§ What you should do
Here the job is to return only the lines of the material, exactly, from the first one to the line with "Pure Cotton Embroidered Relaxed Shirt 3 of 5".

§ Data for review
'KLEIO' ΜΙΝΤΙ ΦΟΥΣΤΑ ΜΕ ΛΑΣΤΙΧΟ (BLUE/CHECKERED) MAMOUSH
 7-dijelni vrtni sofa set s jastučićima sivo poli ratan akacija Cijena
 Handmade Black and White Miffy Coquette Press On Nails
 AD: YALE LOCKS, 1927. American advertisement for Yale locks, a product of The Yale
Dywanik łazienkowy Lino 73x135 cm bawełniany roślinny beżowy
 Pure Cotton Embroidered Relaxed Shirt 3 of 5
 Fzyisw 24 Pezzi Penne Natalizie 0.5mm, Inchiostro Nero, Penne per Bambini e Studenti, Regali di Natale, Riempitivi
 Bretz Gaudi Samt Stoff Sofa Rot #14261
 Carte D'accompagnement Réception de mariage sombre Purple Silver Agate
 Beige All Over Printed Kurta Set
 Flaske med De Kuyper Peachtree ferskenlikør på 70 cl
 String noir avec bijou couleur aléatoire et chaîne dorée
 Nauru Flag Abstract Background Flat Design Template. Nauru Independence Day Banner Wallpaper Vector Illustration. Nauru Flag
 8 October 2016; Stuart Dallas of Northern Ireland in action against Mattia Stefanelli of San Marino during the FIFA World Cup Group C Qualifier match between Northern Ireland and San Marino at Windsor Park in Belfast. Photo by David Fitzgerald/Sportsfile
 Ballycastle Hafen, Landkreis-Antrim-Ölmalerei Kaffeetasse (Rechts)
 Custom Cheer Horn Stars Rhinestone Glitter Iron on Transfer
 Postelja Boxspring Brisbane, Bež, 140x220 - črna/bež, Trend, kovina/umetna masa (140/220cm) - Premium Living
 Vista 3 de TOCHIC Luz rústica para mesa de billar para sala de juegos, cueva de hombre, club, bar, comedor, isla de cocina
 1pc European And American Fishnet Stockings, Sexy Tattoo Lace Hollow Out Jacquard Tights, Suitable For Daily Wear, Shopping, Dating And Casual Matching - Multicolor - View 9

§ Response below
'KLEIO' ΜΙΝΤΙ ΦΟΥΣΤΑ ΜΕ ΛΑΣΤΙΧΟ (BLUE/CHECKERED) MAMOUSH
 7-dijelni vrtni sofa set s jastučićima sivo poli ratan akacija Cijena
 Handmade Black and White Miffy Coquette Press On Nails
 AD: YALE LOCKS, 1927. American advertisement for Yale locks, a product of The Yale
Dywanik łazienkowy Lino 73x135 cm bawełniany roślinny beżowy
 Pure Cotton Embroidered Relaxed Shirt 3 of 5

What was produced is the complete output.